Activity. The full listing, exactly as written and with no images, is the expected output.

Data for this exercise.

··········

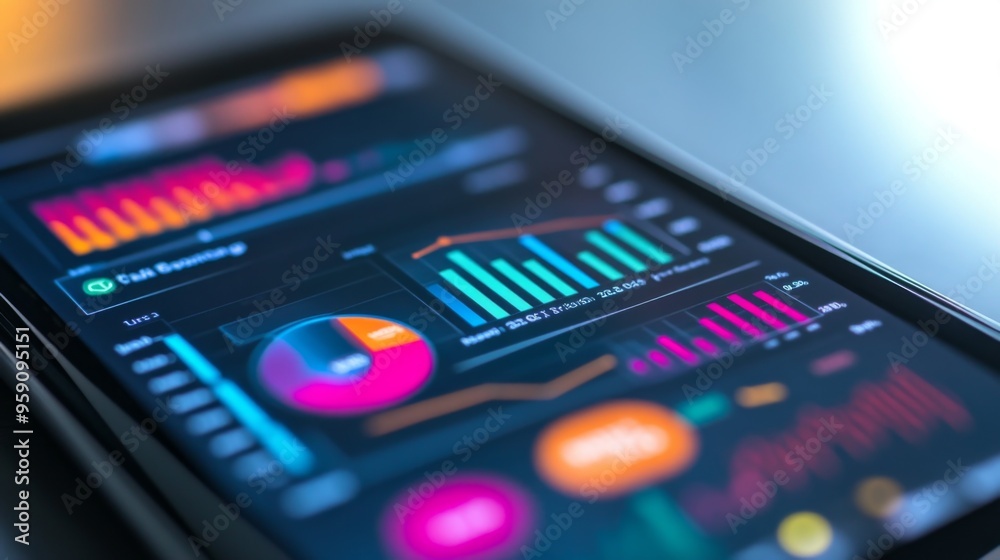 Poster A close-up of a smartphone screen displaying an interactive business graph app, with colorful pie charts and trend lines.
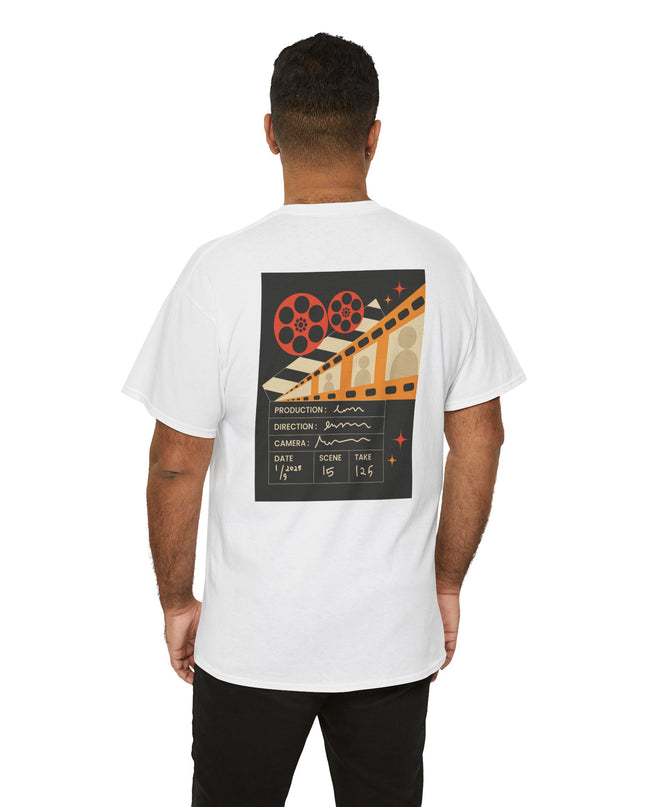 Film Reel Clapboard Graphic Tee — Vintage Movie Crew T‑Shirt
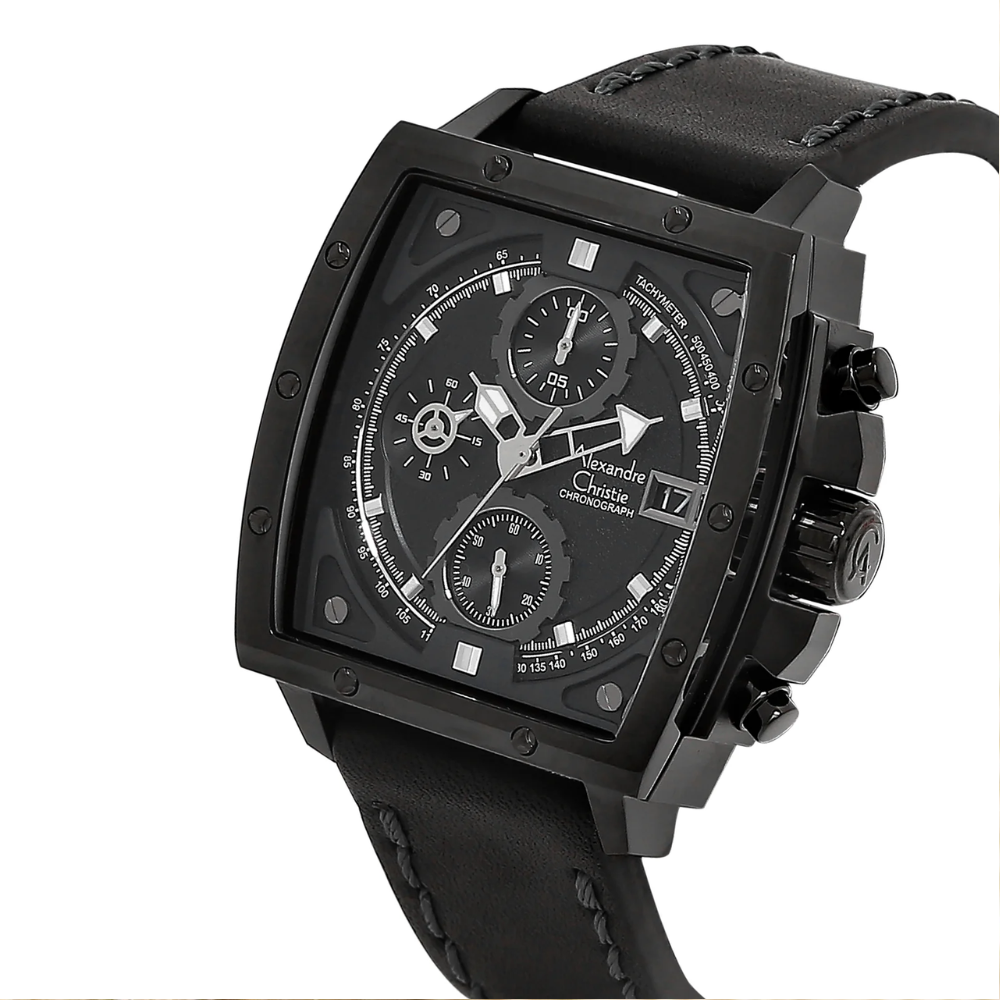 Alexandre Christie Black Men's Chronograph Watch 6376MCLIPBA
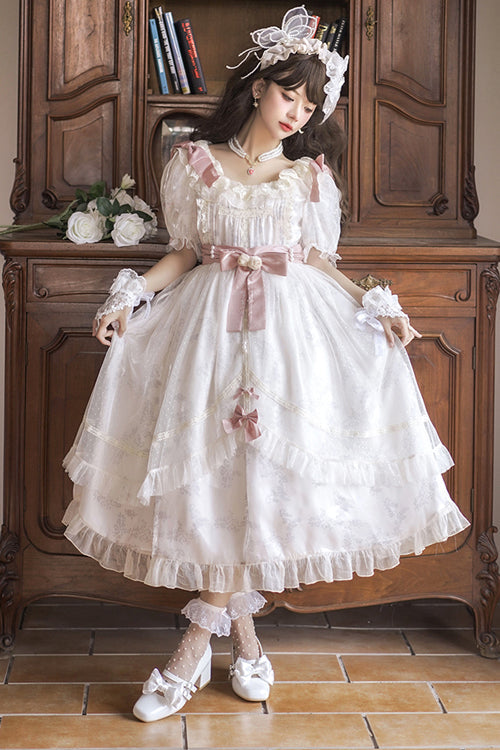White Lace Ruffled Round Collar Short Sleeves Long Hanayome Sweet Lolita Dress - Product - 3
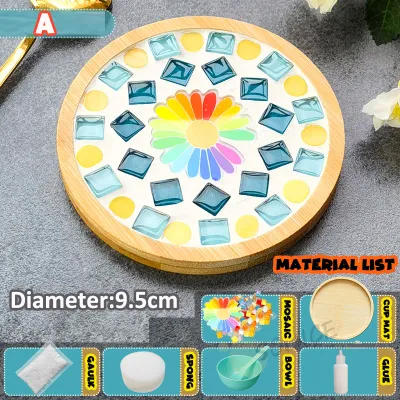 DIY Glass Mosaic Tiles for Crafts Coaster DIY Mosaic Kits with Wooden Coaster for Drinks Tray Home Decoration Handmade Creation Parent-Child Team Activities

··········

Solution.
 Poster A close-up of a smartphone screen displaying an interactive business graph app, with colorful pie charts and trend lines.
 Film Reel Clapboard Graphic Tee — Vintage Movie Crew T‑Shirt
 Alexandre Christie Black Men's Chronograph Watch 6376MCLIPBA
White Lace Ruffled Round Collar Short Sleeves Long Hanayome Sweet Lolita Dress - Product - 3
 DIY Glass Mosaic Tiles for Crafts Coaster DIY Mosaic Kits with Wooden Coaster for Drinks Tray Home Decoration Handmade Creation Parent-Child Team Activities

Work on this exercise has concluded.